> _What you will do_:
All of the data that follows is to be written out exactly, with images excluded.

> _Data shown_:
..........

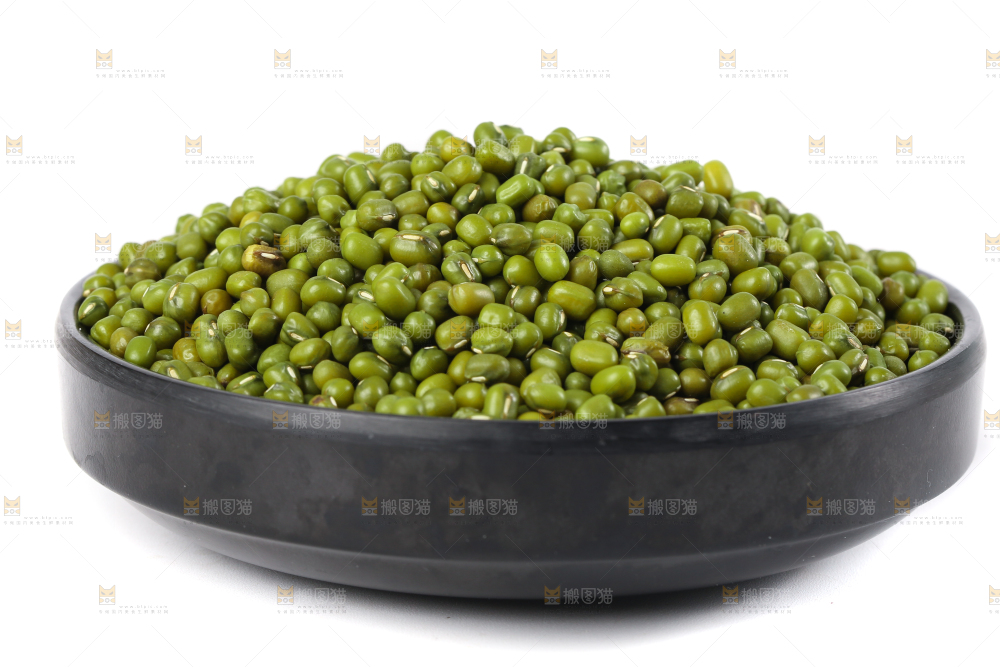 白底上的绿豆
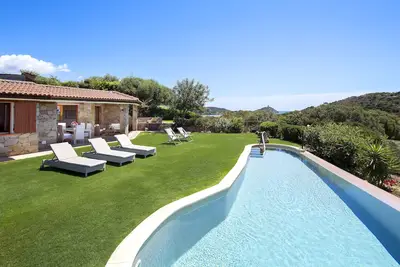 Image de Villa à Chia. Piscine privée à débordement et jardin, à 500m du bord de mer. Grand panorama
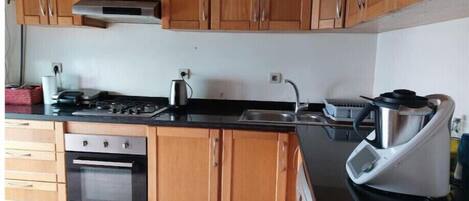 Refrigerador, horno, lavavajillas, tostadora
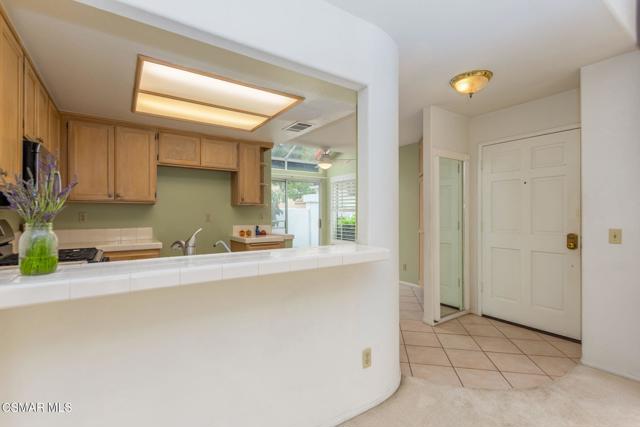 815 Vista Arriago, Camarillo CA: https://media.crmls.org/mediaz/6a741a5a-1bef-4314-83cf-5b951740bf75.jpg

..........

> _Output of the exercise_:
 白底上的绿豆
 Image de Villa à Chia. Piscine privée à débordement et jardin, à 500m du bord de mer. Grand panorama
 Refrigerador, horno, lavavajillas, tostadora
 815 Vista Arriago, Camarillo CA: https://media.crmls.org/mediaz/6a741a5a-1bef-4314-83cf-5b951740bf75.jpg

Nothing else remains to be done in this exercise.